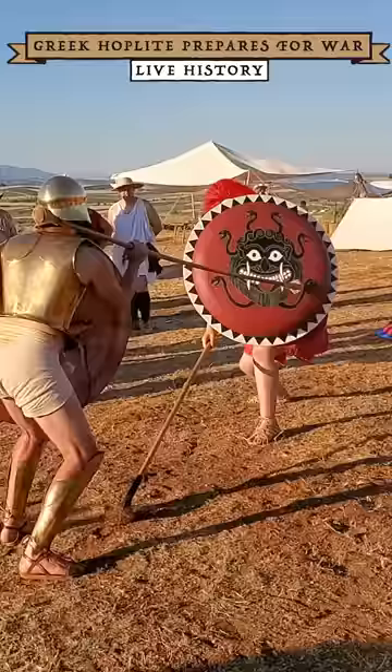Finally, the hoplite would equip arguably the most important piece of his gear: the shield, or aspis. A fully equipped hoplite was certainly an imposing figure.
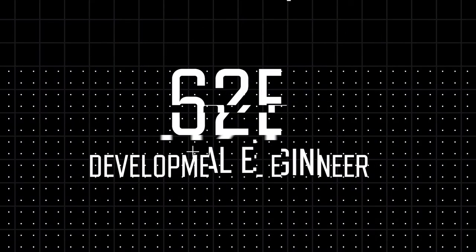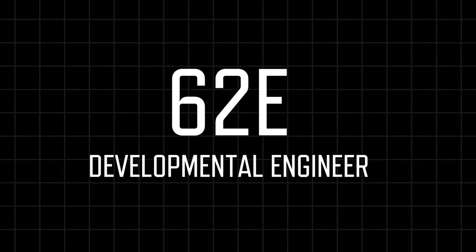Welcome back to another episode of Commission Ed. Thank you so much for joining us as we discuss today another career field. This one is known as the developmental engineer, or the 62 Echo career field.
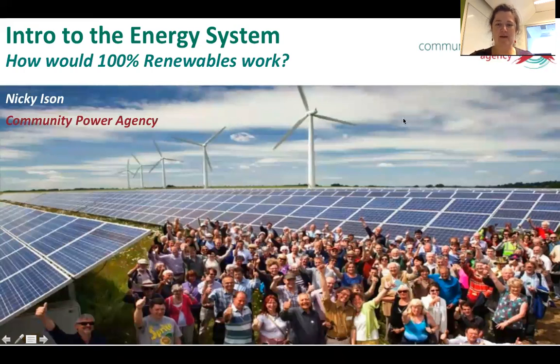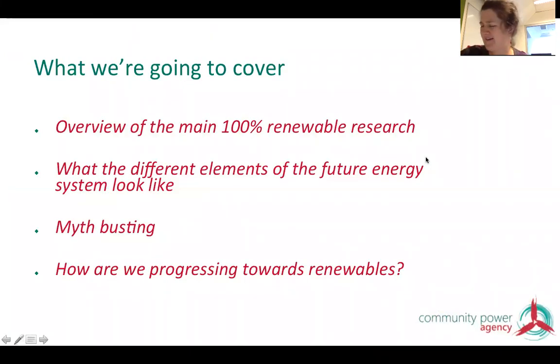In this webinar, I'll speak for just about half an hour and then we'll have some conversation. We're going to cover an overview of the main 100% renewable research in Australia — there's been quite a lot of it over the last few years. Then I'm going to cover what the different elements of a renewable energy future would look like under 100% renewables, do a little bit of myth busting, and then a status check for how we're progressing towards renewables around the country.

#### EXERCISE REQUIREMENTS:
Reproduce the data exactly, please, and omit its pictures.

#### EXERCISE SOLUTION:
Finally, the hoplite would equip arguably the most important piece of his gear: the shield, or aspis. A fully equipped hoplite was certainly an imposing figure.
Welcome back to another episode of Commission Ed. Thank you so much for joining us as we discuss today another career field. This one is known as the developmental engineer, or the 62 Echo career field.
In this webinar, I'll speak for just about half an hour and then we'll have some conversation. We're going to cover an overview of the main 100% renewable research in Australia — there's been quite a lot of it over the last few years. Then I'm going to cover what the different elements of a renewable energy future would look like under 100% renewables, do a little bit of myth busting, and then a status check for how we're progressing towards renewables around the country.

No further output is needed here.